Quando se discutia o alargamento da rede de Metro de Lisboa em mais duas ou três estações, Assunção Cristas veio propor mais vinte estações, sem apresentar um calendário, um orçamento, uma avaliação.
Conseguem imaginar alguma empresa em que, em resposta a um desafio da concorrência, o seu chefe vem propor um plano de investimento que é dez vezes superior ao que está em vigor e não tem nenhum estudo de mercado nem plano de financiamento definido? Conseguem imaginar um presidente da Gulbenkian decidir que se vai passar a gastar 300% dos rendimentos da fundação? Estão a ver o provedor da Santa Casa da Misericórdia afirmar que vai passar a gastar mais dez vezes do que até aqui?
Não estou a afirmar que as instituições portuguesas sejam um primor de profissionalismo, que não são, mas o grau de escandaloso amadorismo que é comum na política portuguesa está muito para lá do que é admissível. Pior do que isso, tenho a certeza que Assunção Cristas (que é um pretexto para falar sobre isto) não se atreveria a comportar-se desta forma num contexto profissional fora da política.
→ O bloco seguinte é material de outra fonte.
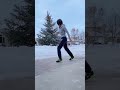 exercising outdoors in cold weather《时间你慢些走》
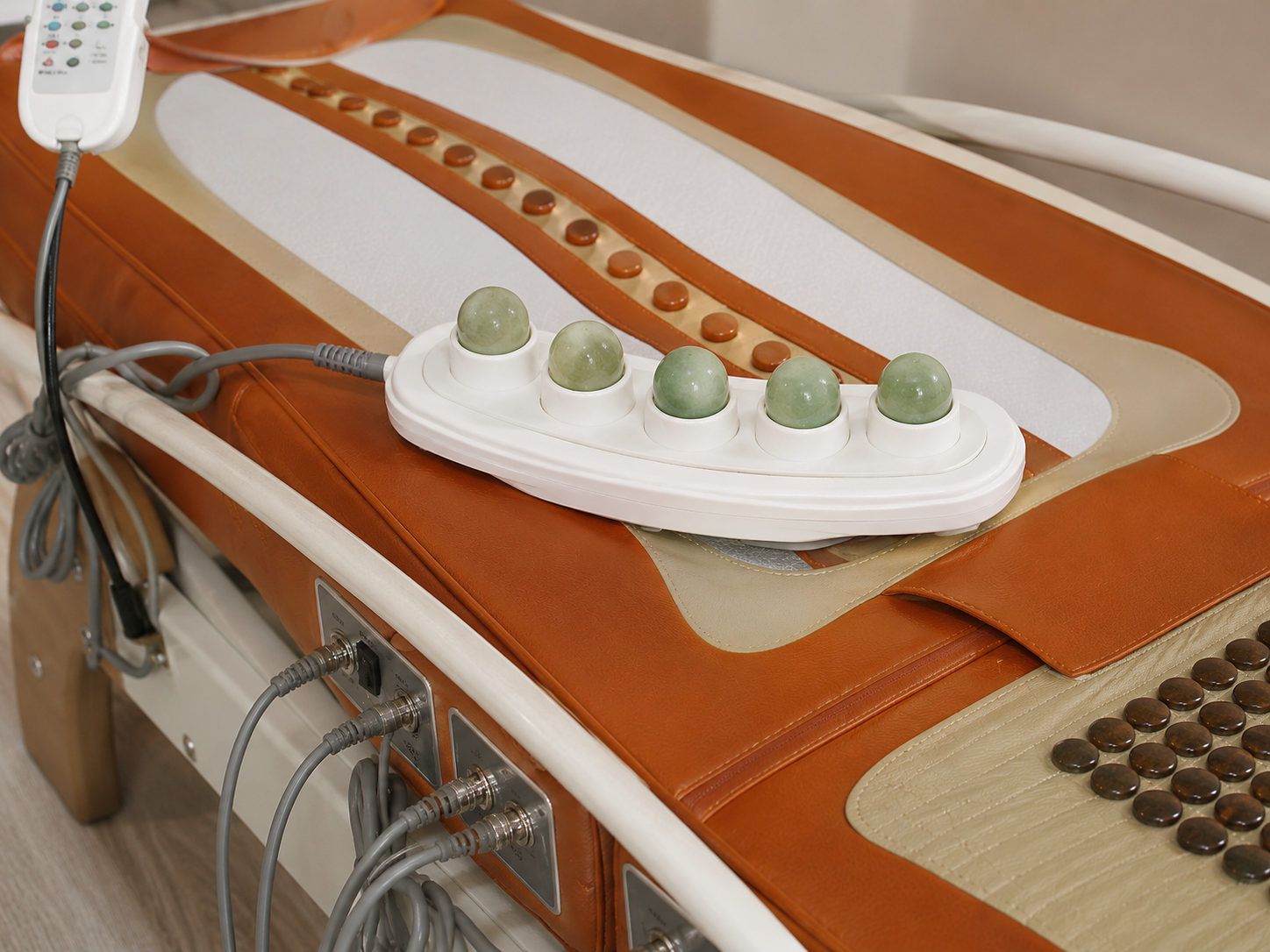 Xmed Thermo Bed Pro – Професионално термомасажно легло с нефрит и турманий — изображение 3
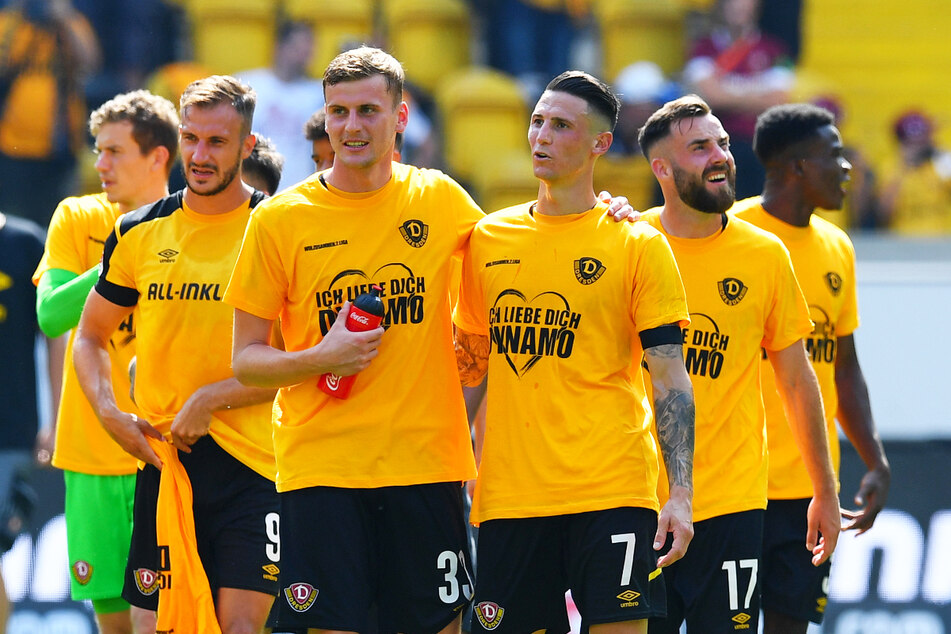 Christoph Daferner (23, 4.v.r.), Panagiotis Vlachodimos (29, 3.v.r.) & Co. genossen nach dem Abpfiff die Atmosphäre im Stadion.
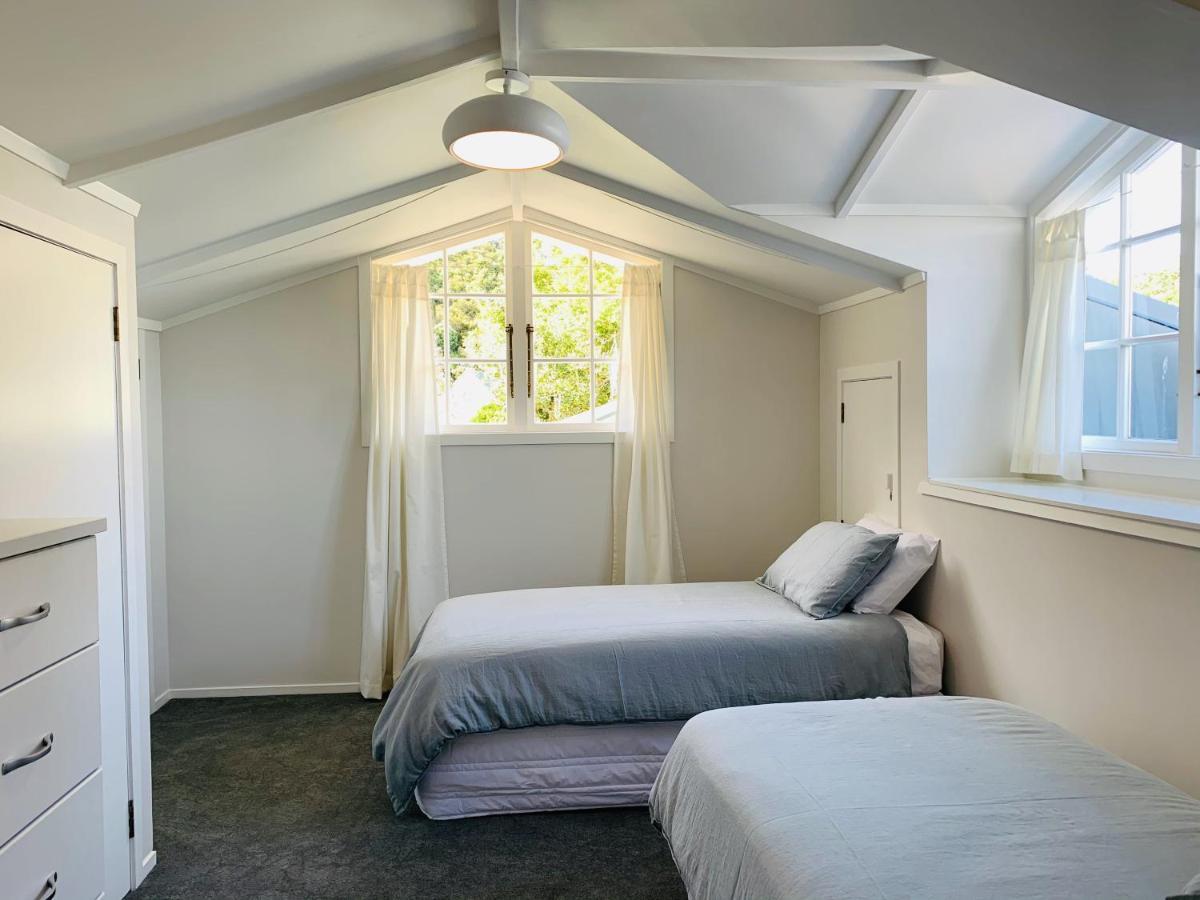 9 The Strand - New Pricing! Russell Exteriör bild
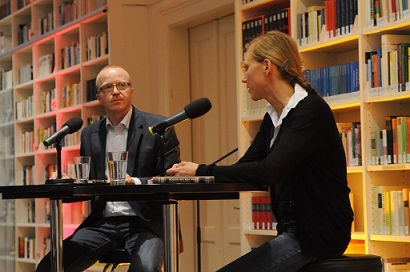 2010 Moderation bei der Veranstaltung Textbar im Literaturhaus, München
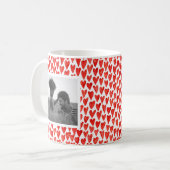 Mug Photo rouge de Saint-Valentin de coeurs (Devant gauche)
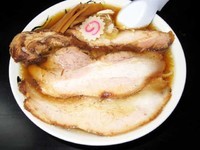 「醤油かけらーめん550円＋チャーシュー3本乗せ450円」@食堂 はせ川の写真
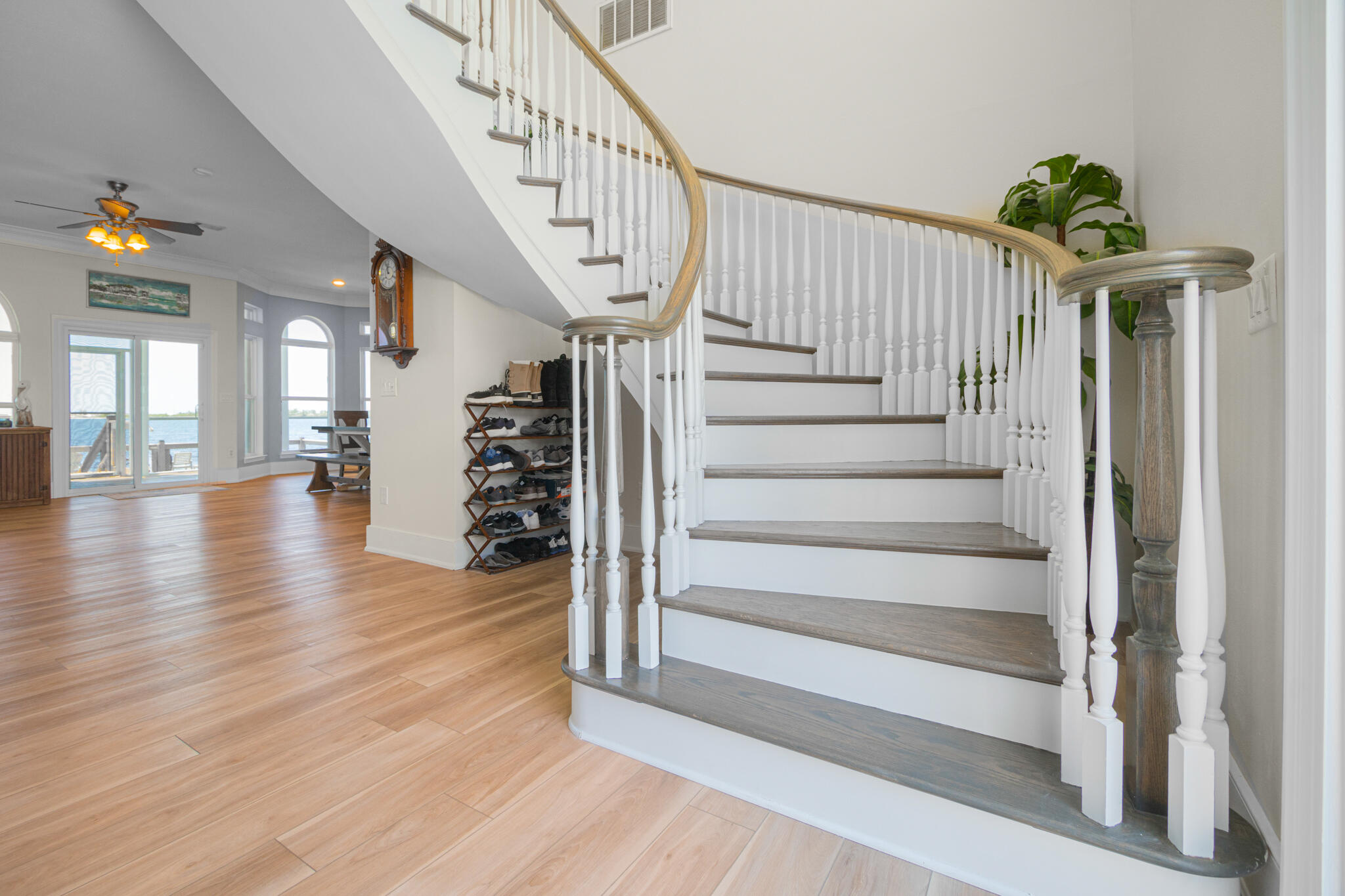 SPARKLING WATERS - Residential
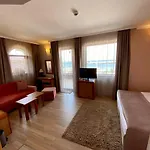 Family Saint Nikola - Free Parking Hotel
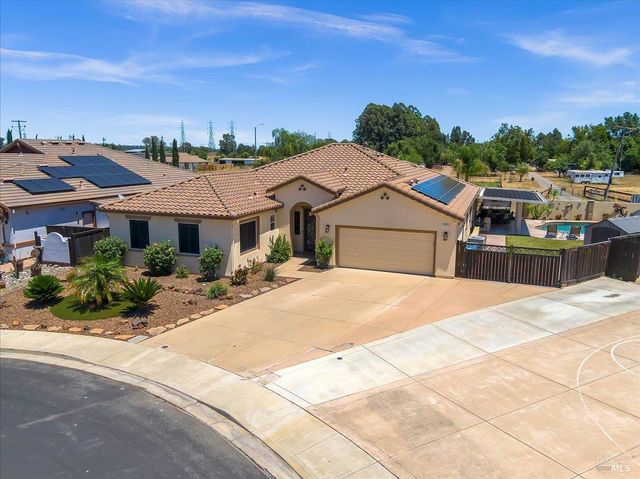 331 Frisbie Cir, Vacaville, CA 95688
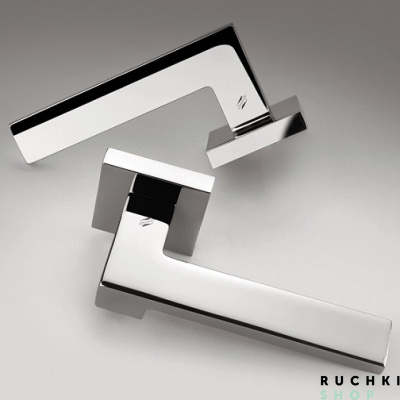 Ручка на розетке ZELDA, Матовый хром, Colombo 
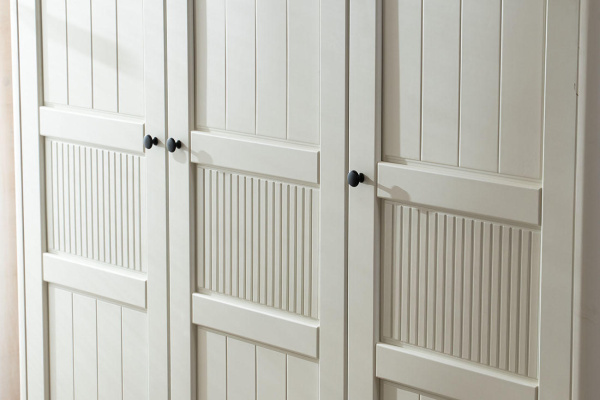 Шкаф трехстворчатый Вида №1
Ou seja, parece que na política o nível de exigência baixa imenso, incluindo o de auto-exigência.
Em certo sentido, o problema nem estaria em sermos governados pelos piores, mas pela pior versão de alguns.
Estamos certamente num ciclo vicioso de a política ter atraído os piores, que dão mau nome à política, que afasta os melhores, também receosos de um escrutínio mais intriguista do que sobre o essencial. Em Portugal, parece que chegámos ao pior de dois mundos: a pequena estória de alcoviteira recebe uma atenção desmesurada enquanto graves conflitos de interesse e suspeitas claríssimas são inexplicavelmente silenciados.
Mas imaginemos que conseguíamos quebrar este ciclo vicioso e conseguíamos trazer para a política novos (não necessariamente em idade) talentos. Onde estão eles? Poderão ser pessoas que nunca se expuseram publicamente, por exemplo num artigo de jornal? Relembro que vários jornais acolhem com alguma facilidade artigos de opinião isolados, desde que a sua qualidade o justifique.
Se alargarmos este universo ao mundo dos principais blogues e a comentadores televisivos (onde há uma excessiva repetição dos actuais e ex-políticos) conseguimos um grupo um pouco mais extenso, mas não especialmente numeroso nem qualificado.
Parece que a sociedade civil com conhecimento e capacidade para rejuvenescer a política em Portugal está demasiado demitida de sequer o tentar fazer. Mas esta participação cívica é essencial, quanto mais não seja para aumentar o grau de exigência sobre os nossos políticos e apelo aqui para que se manifestem mais da forma que considerem mais relevante.
Também apelo aos jornalistas para darem mais eco a estes mesmos textos. Ainda recentemente li um texto no Diário de Notícias de Paulo Ferrero, fundador e ativista do movimento Fórum Cidadania Lisboa, queixando-se do excesso de abate de árvores em Lisboa (peço desculpa por ser mais um exemplo lisboeta), em que existe um claro conflito de interesse por as empresas que recomendam o abate de árvores serem as mesmas que o fazem. É evidente que há, no mínimo, suspeitas de corrupção, com claro prejuízo para a cidade, mas não houve um único jornal que pegasse no tema, quanto mais não fosse com uma entrevista ao autor do artigo. A comunicação social também precisa de elevar o escrutínio sobre a política, para contrariar o tal círculo vicioso de que falei. Se colectivamente não fizermos nada, não será com esta permissibilidade e com os actuais políticos que nos vamos safar.